Friday, February 10, 2012

Fixing The Safety

Let's face it, folks: it mostly sucks to play defense in the Inter Continental Football Association. And the NFL, too. You can only hurt RBs and OLs, you need a signed warrant to touch a non-running white QB, you get national attention when you screw up, you don't make the money of the offensive guys, and if you don't have difficulty walking in your '40s and severe head trauma in your '50s, it generally means that you were a wuss. You do get to celebrate a lot and make good coin, but for the most part, you are the bassist and drummer in the band to the offense's singer and guitarist; necessary, but lacking in the post-gig sexual service.

So can't we, just for funsies, throw these guys a few bones with one exciting and thoroughly reasonable rule changes?
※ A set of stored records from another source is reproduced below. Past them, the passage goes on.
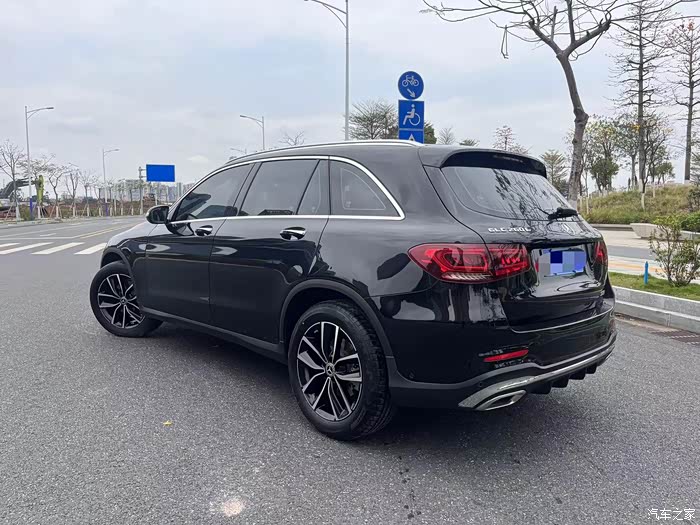 20款20年奔驰glc260l20t自动豪华版无钥匙进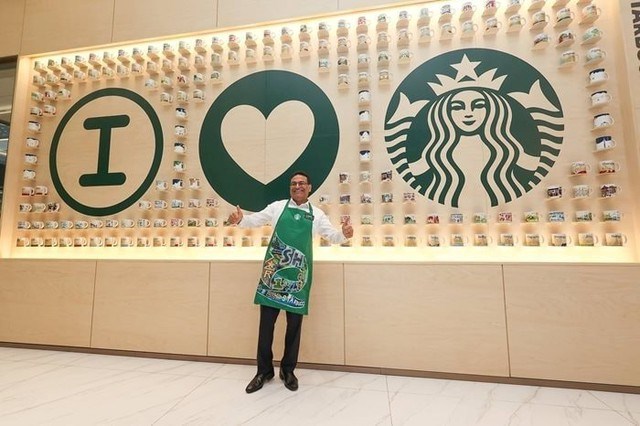 Thị trường c&#224; ph&#234; Trung Quốc: B&#224;i to&#225;n kh&#243; cho Starbucks giữa v&#242;ng v&#226;y gi&#225; rẻ - Ảnh 1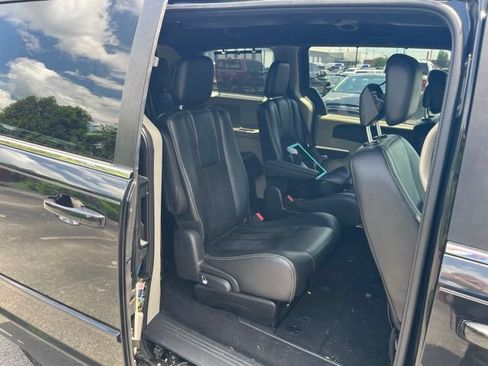 Used 2015 Dodge Grand Caravan SXT FWD image 14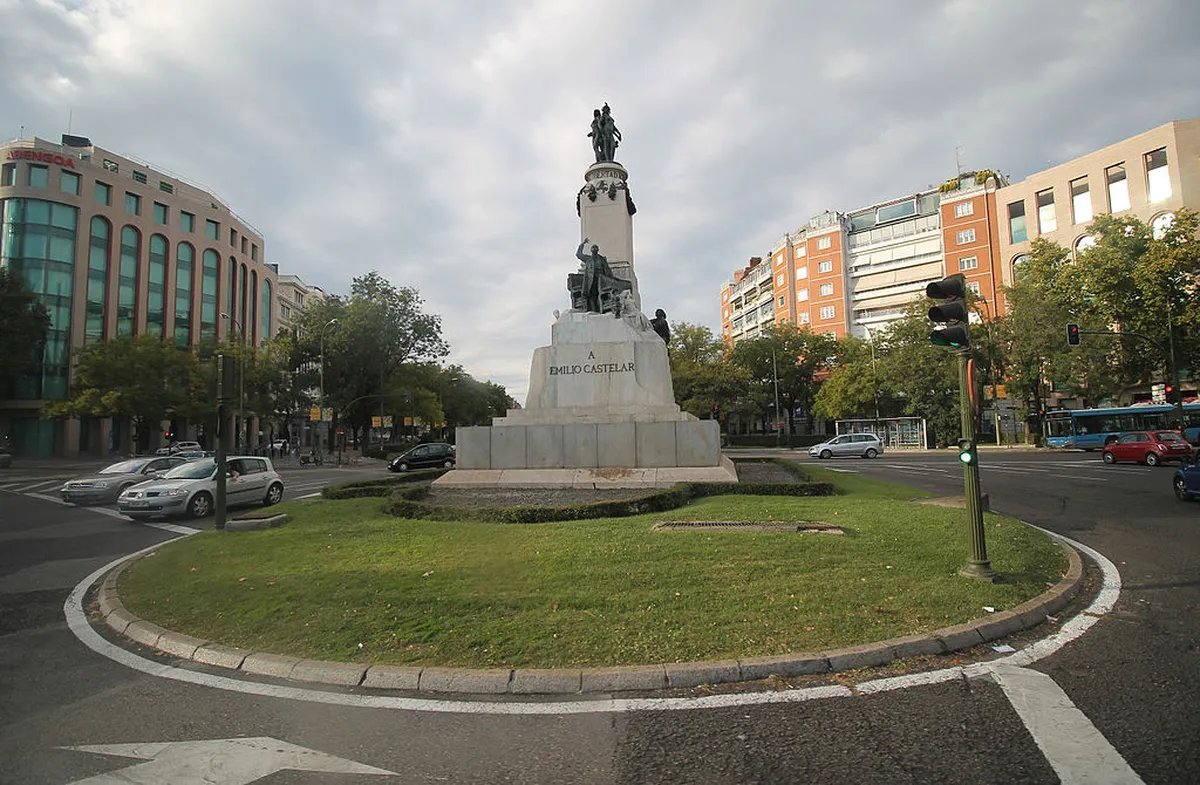 La glorieta de Emilio Castelar en Madrid.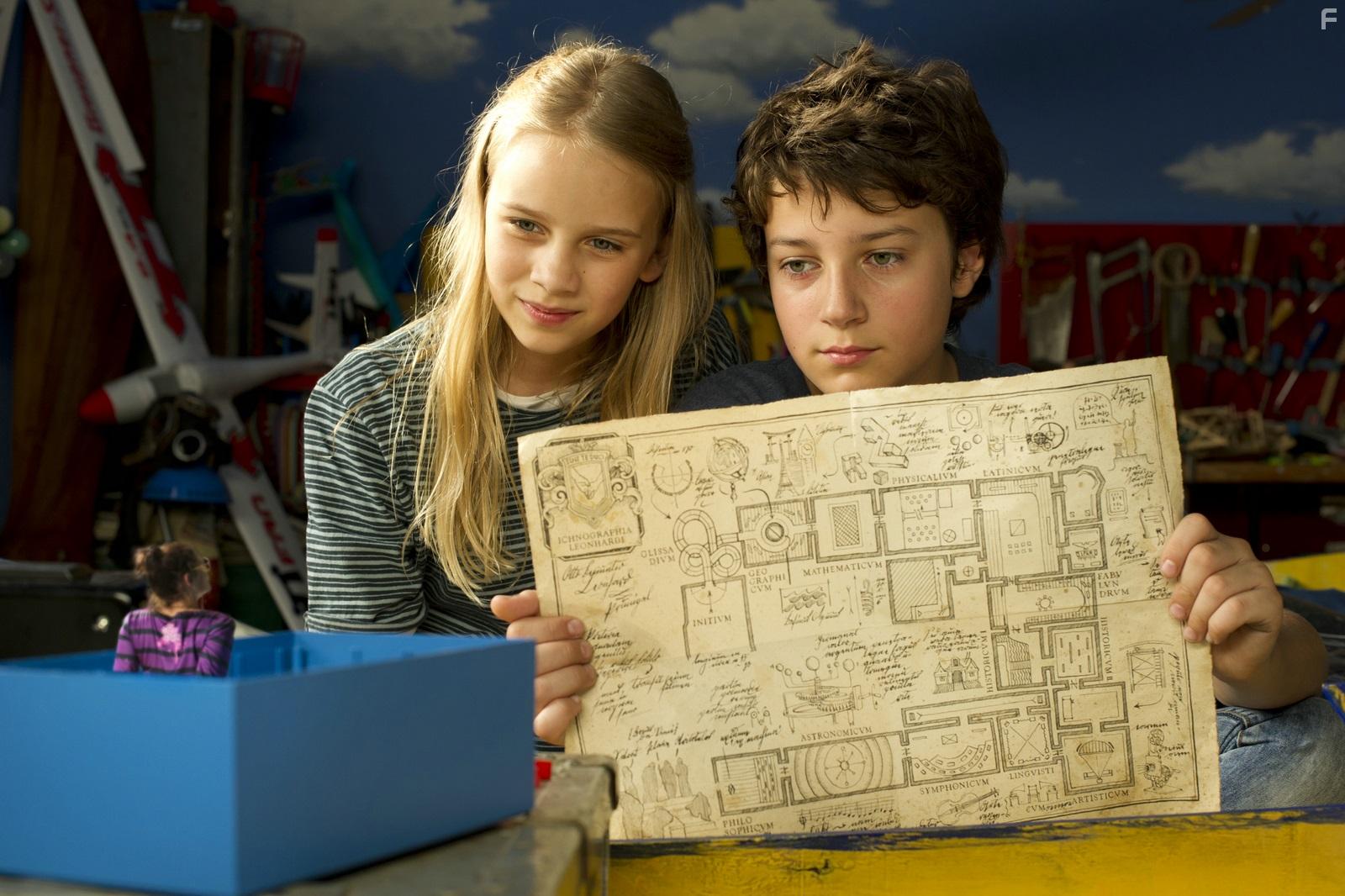 Anja Kling, Lina Hesker, and Oskar Keymer in Hilfe, ich hab meine Lehrerin geschrumpft (2015)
Just make the safety minus two points, rather than 2 positive ones, and make the opponent take the free kick from their goal line.

Right away, I make defenses want these things even more, since there will be a race to be the first team to not just get a shutout, but make the opposition go negative. And since defenses are ranked by points against, the negative score helps in the ranking they care about. (I'd argue the same thing for defensive touchdowns, but let's take this one step at a time.) You also make punting from midfield a little exciting, and anything that makes punting more exciting is a win. Heck, the whole thing might even make for more offense, since teams will be even more likely to gamble for the score and open themselves up for the big 95+ yard score.

So let's go negative, NFL. Throw the defense a bone for once. Reward the most entertaining rare play in football -- the not so humble safety. It's only right.